Peneliti kualitatif memberikan kontribusi pada pengetahuan melalui akumulasi laporan penelitian studi kasus yang memperluas atau menantang pekerjaan sebelumnya. Ini merupakan tanggung jawab peneliti untuk berpartisipasi dalam diskusi ini dengan menghubungkan pekerjaannya pada penelitian sebelumnya, menyarankan arah-arah khusus untuk usaha penelitian di masa mendatang dan mendiskusikan implikasi-implikasi hasil untuk praktik, jika cocok.

Contoh lain diambil dari buku Pedoman Penulisan Karya Ilmiah Universitas Negeri Malang (2000). Dalam buku pedoman ini ada dua model penyusunan laporan penelitian kualitatif, yaitu sebagai berikut:

******** *********************************************************
Model 1

BAB I PENDAHULUAN

Konteks Penelitian atau Latar Belakang
asalah.
Tujuan Penelitian
Landasan Teori
Kegunaan Penelitian

BAB II METODE PENELITIAN

Pendekatan dan Jenis Penelitian
Kehadiran Peneliti
Lokasi Penelitian
Sumber Data
a
Analisis Data
Pengecekan Keabsahan Data
Tahap-tahap Penelitian

BAB III PAPARAN DATA DAN TEMUAN PENELITIAN

BAB IV PEMBAHASAN

BAB V PENUTUP

Kesimpulan
Saran-saran

DAFTAR KEPUSTAKAAN

********* ********************************************************
Model 2

BAB I PENDAHULUAN

Konteks Penelitian atau Latar Belakang
Fokus Penelitian atau Rumusan Masalah
Tujuan Penelitian
Kegunaan Penelitian

BAB II KAJIAN PUSTAKA

BAB III METODE PENELITIAN

PJenis Penelitian
Kiti
Sumber Data
Prosedur Pengumpulan Data
Analisis Data
Pengecekan Keabsahan Data
Tahap-tahap Penelitian

BAB IV PAPARAN DATA DAN TEMUAN PENELITIAN

BAB V PEMBAHASAN

BAB VI PENUTUP

Kesimpulan
Saran-saran

DAFTAR KEPUSTAKAAN

******** *********************************************************

Dari beberapa model pembuatan proposal dan laporan hasil penelitian kualitatif sebagaimana dijelaskan di atas, pembaca bebas memilih format mana yang menjadi pilihannya untuk kepentingan penelitian mereka. Tentu masih ada model-model yang lainnya lagi yang dapat pembaca telusuri lebih jauh.

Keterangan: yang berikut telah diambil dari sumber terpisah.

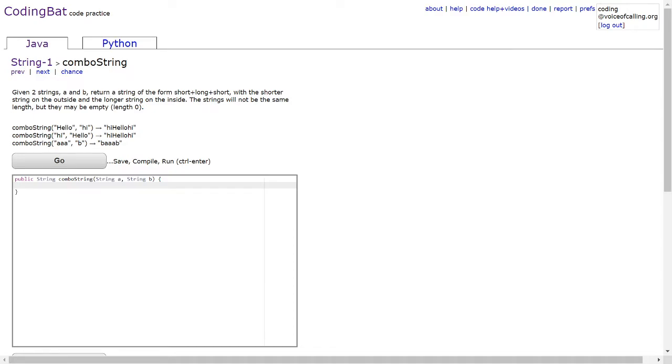The problem reads: given two strings a and b, return a string of the form short long short with a shorter string on the outside and the longer string on the inside.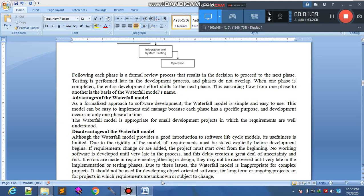The waterfall model is appreciated for small development projects in which the requirements are well understood. جب requirement اچھے سے پتہ ہو تو ہم اسے بنا سکتے ہیں۔ لیکن جب requirement understood نہ ہو، بار بار changes آ رہی ہوں، time by time نئے versions اور enhancements لانے ہوں، تو اس case میں waterfall model use نہیں کرنا چاہیے۔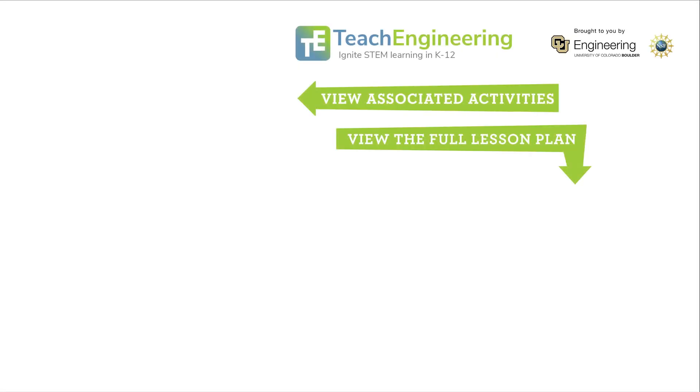Check out the lesson on the Teach Engineering website and then apply what you learned about waves and wave properties in our associated hands-on activity, developing and presenting design solutions. Waves go public.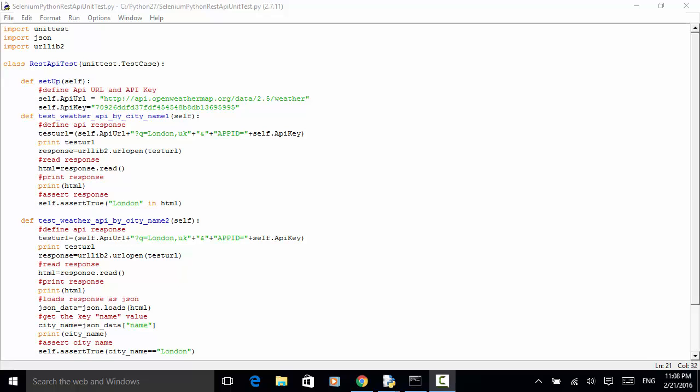Welcome to Selenium Master Selenium Python WebDriver video tutorial. In this video tutorial, I will teach you how to test REST API in your Selenium Python WebDriver test automation script.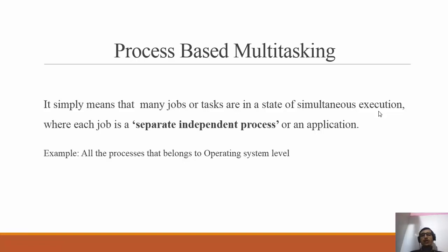For example, you are writing a program in Java — that writing is a process. At the same time, you are listening to music — that is another process. You may be downloading assignments from Google Drive — that is a process. Uploading assignments is also a process. These are all separate independent processes executing simultaneously. So process-based multitasking means different tasks are in a state of simultaneous execution where each task is a separate independent process.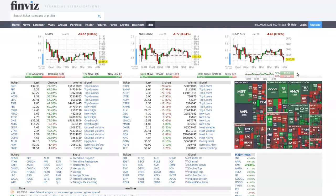Hello, hello, trade pros and traders. I hope everyone's doing really well today. And we've got another special video for everyone.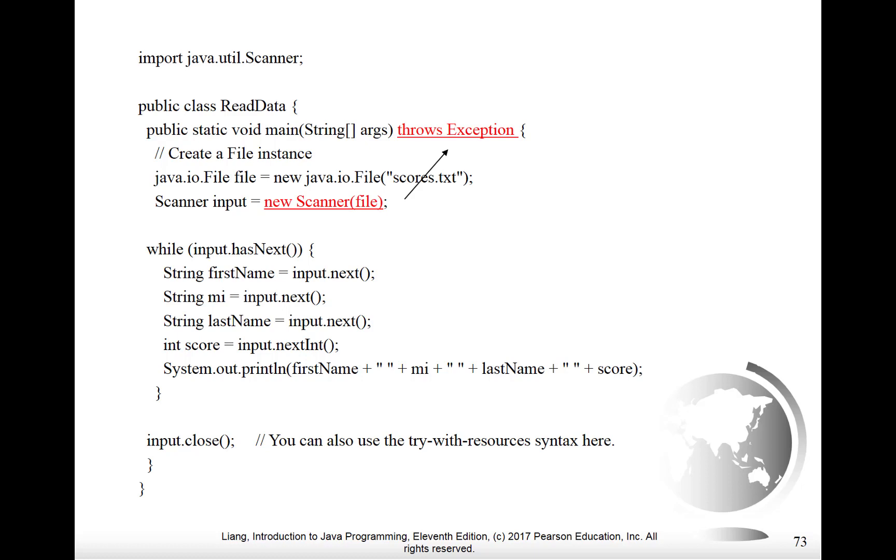The next thing on the line wasn't a string, it was a number, it was an integer. So now we can input it by saying int score equals input.nextint. And again, you're familiar with using nextint in the context of a scanner reading from the keyboard. So this isn't a new idea for you.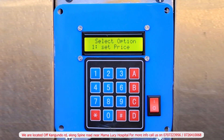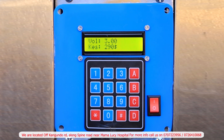The next function is viewing and clearing your sales. Scroll down by pressing the letter D to the third option — viewing of sales — and key in number three. It indicates the total sales in liters as well as the total amount of money those liters correspond to. To clear the sales and set it back to zero, press number five.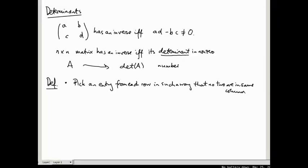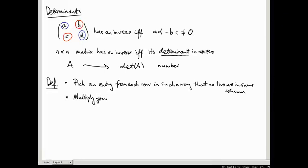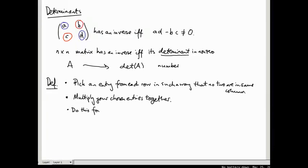For a 2x2 matrix, there are two ways of doing this. If you pick A from the first row, you have to pick D from the second row, because C is in the same column as A. If you pick B from the first row, then you have to pick C from the second row. So there are a number of different choices, and we're going to make all possible choices one at a time: pick one entry from each row with no two in the same column, multiply all your chosen entries together, and do the same for every other possible choice.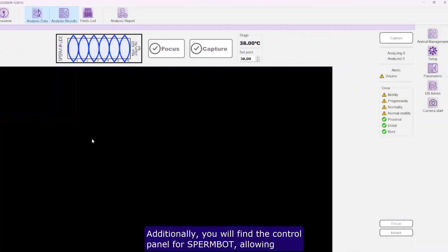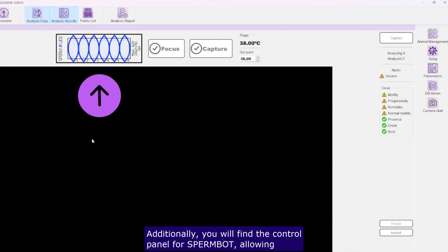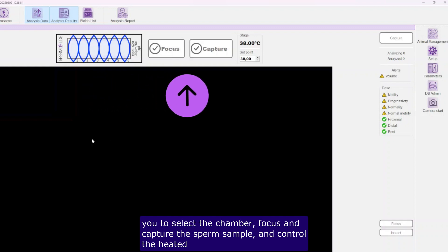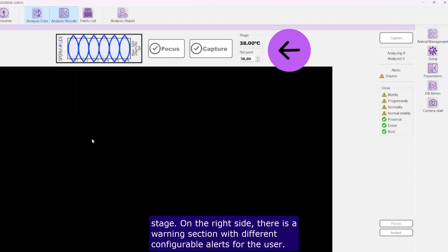Additionally, you will find the control panel for Spermbot, allowing you to select the chamber, focus and capture the sperm sample, and control the heated stage.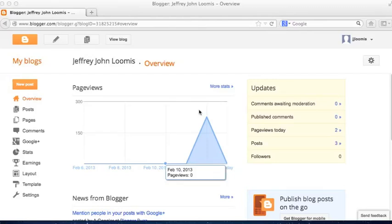Here we are in Blogger, and what we want to do is set our About page as our main landing page.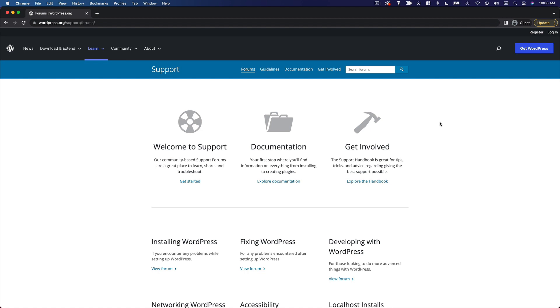So once again, WordPress is very reliable, but the nature of technology is that you're going to run into problems eventually. So it's good to know where to turn when that happens.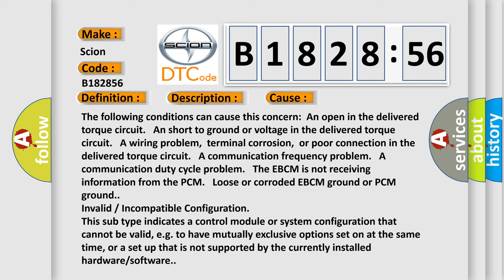The following conditions can cause this concern: An open in the delivered torque circuit. An short to ground in the delivered torque circuit. A wiring problem, terminal corrosion, or poor connection in the delivered torque circuit. A communication duty cycle problem. The EBCM is not receiving information from the PCM. Loose or corroded EBCM ground or PCM ground. Invalid or incompatible configuration. This subtype indicates a control module or system configuration that cannot be valid, e.g., to have mutually exclusive options set on at the same time, or a setup that is not supported by the currently installed hardware or software.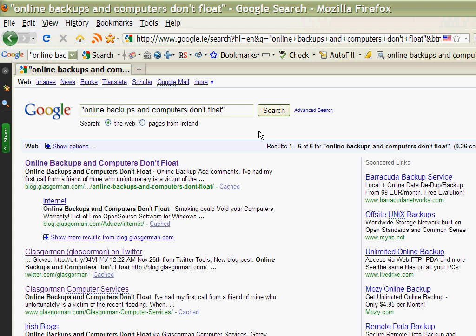I hope you found this helpful. My name is John Timmins from Glasgowman Computer Services.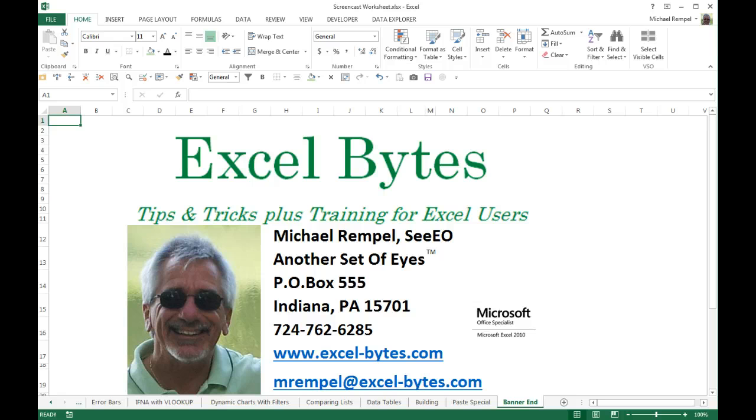I hope you liked it. Thanks for stopping by. If you'd like to see more, please go to my website, excel-bytes.com, and feel free to subscribe. Happy excelling.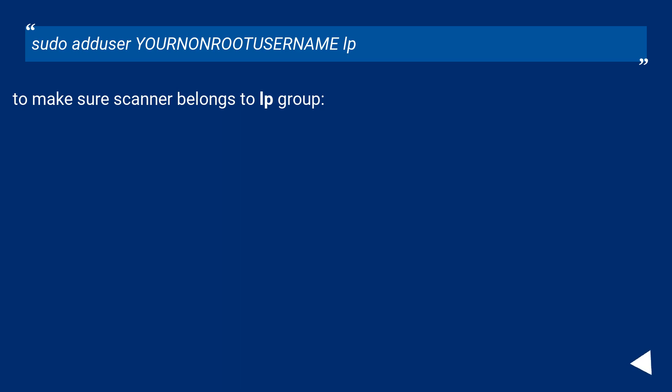Make sure your user and root user belong to the LP group to ensure scanner access permissions.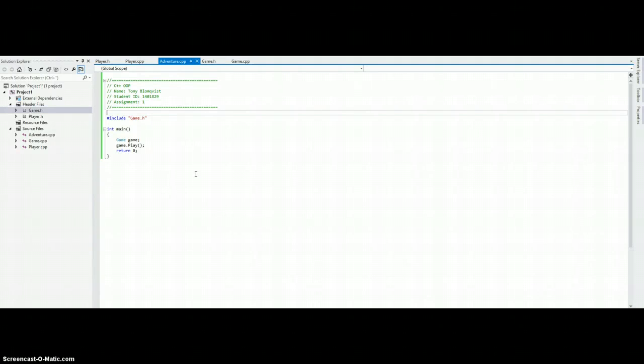Hello, my name is Tony Blomqvist and I'm making this video because of our course C++ Object Oriented Programming. This is our first assignment,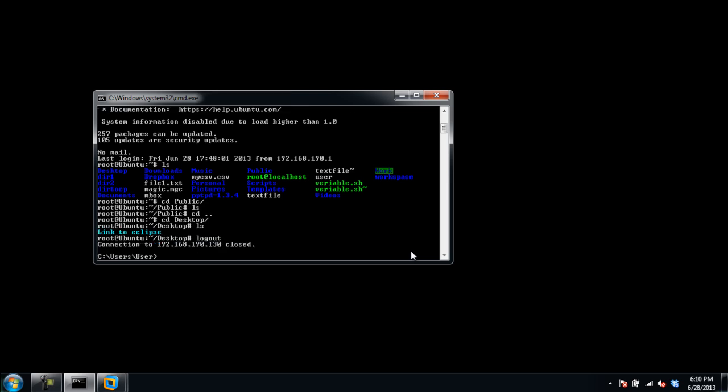In this manner, you can install and use OpenSSH in Windows. Thanks for watching. This was a HowTech.TV tutorial.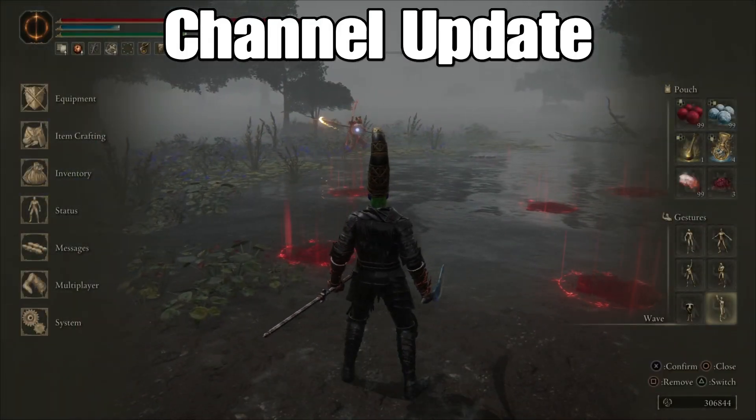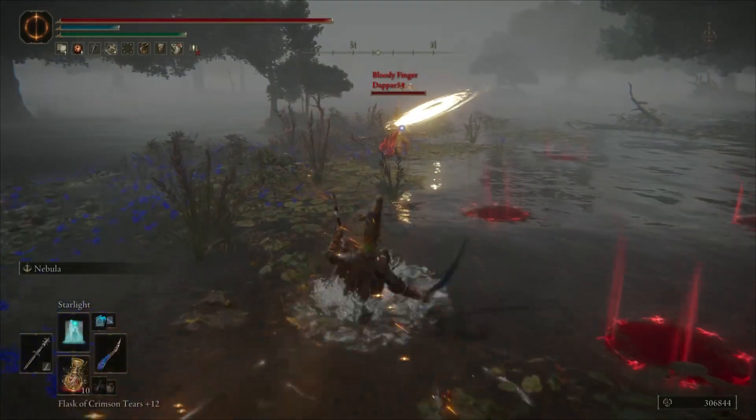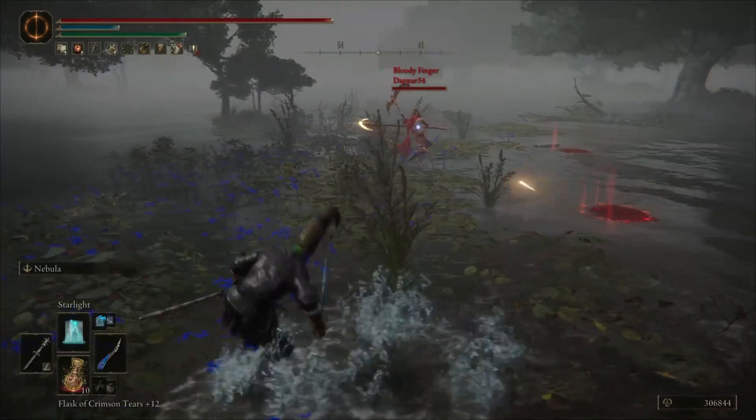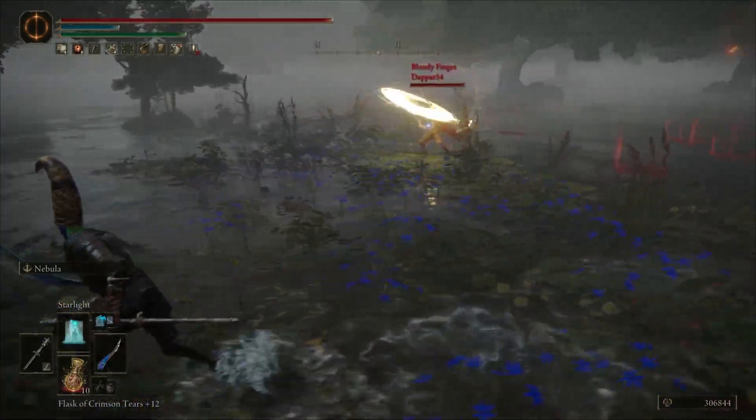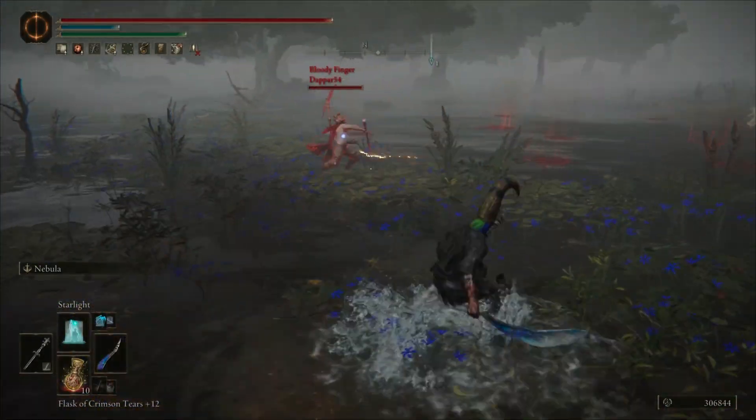Hey folks, RagingPoo here with a quick channel update. Some of my level 60 mage fights will be playing in the background while I make this announcement.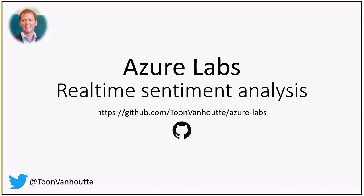Hi there and welcome to the explanation about a lab that covers real-time sentiment analysis in Azure. My name is Ton van Houtte and all the lab instructions can be found on my GitHub repo. If you have any questions or issues, don't hesitate to contact me on Twitter or to submit an issue or pull request on GitHub.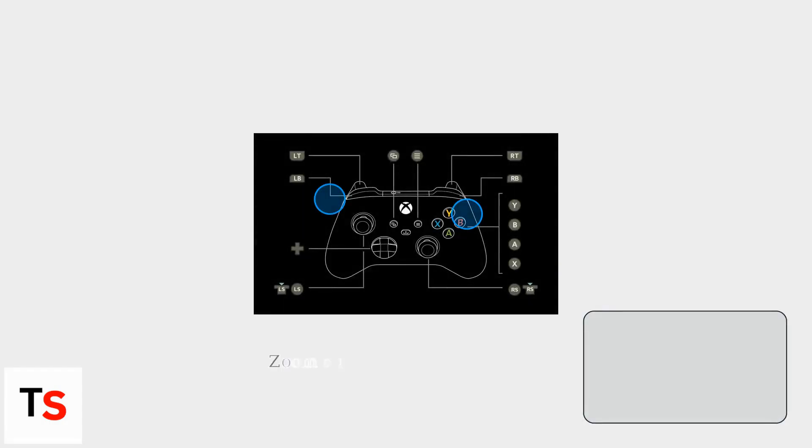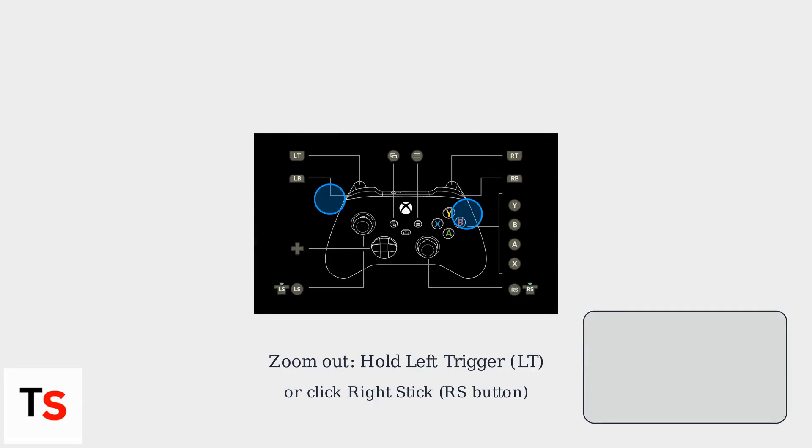Want to zoom out on Roblox on your Xbox Series X/S? It's usually done by pressing and holding the left trigger, LT, or clicking the right stick, RS button. This will give you a wider view in most games.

Model pembuatan proposal dan laporan penelitian kualitatif cukup beragam. Sekarang peneliti bisa memilih sendiri model atau format mana yang mau dipilih untuk digunakan dalam rencana penelitiannya. Bagi mahasiswa yang sedang menulis skripsi, tesis, atau disertasi, pemilihan model biasanya ditentukan oleh universitasnya masing-masing atau oleh dosen pembimbingnya masing-masing. Namun, jika rencana penelitiannya ada kaitannya dengan lembaga-lembaga sumber dana, maka pemilihan model itu biasanya dikonsultasikan pada pimpinan lembaga penyandang dana tersebut.